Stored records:
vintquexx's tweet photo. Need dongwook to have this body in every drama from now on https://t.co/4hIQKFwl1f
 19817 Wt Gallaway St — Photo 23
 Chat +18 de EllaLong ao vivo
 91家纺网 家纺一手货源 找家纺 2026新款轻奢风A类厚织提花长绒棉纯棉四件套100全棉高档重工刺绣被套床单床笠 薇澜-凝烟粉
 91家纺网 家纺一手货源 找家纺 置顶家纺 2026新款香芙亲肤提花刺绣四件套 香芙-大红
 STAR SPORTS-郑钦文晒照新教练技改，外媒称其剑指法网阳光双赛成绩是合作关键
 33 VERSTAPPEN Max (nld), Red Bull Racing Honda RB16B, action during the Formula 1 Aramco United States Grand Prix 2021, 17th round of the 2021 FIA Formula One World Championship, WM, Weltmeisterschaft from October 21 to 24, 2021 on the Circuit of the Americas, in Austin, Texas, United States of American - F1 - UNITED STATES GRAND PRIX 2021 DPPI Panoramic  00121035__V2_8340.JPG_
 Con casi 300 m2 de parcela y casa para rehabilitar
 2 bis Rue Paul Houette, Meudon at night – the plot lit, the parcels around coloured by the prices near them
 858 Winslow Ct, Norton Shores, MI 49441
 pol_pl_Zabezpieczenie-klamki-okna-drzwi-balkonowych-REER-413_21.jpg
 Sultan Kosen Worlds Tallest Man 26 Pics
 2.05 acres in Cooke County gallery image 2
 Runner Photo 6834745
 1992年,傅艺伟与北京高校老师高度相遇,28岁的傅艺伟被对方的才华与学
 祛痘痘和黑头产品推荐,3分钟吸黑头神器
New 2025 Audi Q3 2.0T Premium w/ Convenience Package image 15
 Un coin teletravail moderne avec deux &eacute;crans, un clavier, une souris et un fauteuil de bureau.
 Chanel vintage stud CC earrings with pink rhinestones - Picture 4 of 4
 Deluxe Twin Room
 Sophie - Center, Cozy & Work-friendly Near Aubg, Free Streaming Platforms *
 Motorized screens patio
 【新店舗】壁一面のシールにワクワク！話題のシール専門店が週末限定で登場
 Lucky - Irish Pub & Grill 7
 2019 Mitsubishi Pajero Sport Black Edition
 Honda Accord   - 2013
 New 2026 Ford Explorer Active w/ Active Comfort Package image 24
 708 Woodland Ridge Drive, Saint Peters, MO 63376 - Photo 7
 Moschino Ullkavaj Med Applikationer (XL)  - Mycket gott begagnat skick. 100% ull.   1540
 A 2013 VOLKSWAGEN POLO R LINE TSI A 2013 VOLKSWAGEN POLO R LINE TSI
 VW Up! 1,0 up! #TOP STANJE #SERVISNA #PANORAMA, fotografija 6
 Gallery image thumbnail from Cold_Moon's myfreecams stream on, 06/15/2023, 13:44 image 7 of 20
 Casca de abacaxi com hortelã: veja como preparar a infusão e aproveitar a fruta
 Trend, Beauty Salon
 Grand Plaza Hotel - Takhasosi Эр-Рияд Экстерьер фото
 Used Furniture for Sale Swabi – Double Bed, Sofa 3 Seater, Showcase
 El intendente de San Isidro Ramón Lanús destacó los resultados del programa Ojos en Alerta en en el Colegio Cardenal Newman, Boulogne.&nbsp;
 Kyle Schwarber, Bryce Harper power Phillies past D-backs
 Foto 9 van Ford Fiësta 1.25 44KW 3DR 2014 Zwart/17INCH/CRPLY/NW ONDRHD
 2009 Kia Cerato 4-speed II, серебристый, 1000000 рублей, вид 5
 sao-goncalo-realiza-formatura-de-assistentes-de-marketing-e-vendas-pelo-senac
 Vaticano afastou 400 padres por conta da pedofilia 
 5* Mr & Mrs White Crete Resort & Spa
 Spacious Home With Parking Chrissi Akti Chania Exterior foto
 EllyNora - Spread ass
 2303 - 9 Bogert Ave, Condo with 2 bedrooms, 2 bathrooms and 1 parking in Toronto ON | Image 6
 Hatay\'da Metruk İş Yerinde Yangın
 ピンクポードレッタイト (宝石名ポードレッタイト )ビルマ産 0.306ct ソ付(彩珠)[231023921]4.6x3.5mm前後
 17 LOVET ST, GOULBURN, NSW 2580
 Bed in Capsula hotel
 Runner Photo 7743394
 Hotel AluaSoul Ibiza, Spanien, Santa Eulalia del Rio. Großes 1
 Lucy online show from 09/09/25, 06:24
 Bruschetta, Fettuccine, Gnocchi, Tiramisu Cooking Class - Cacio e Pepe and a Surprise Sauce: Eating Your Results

■ **Assignment**: Count the lines of the data that hold the string "Ford", and give that number as the entire reply.

■ **Solved problem**: 2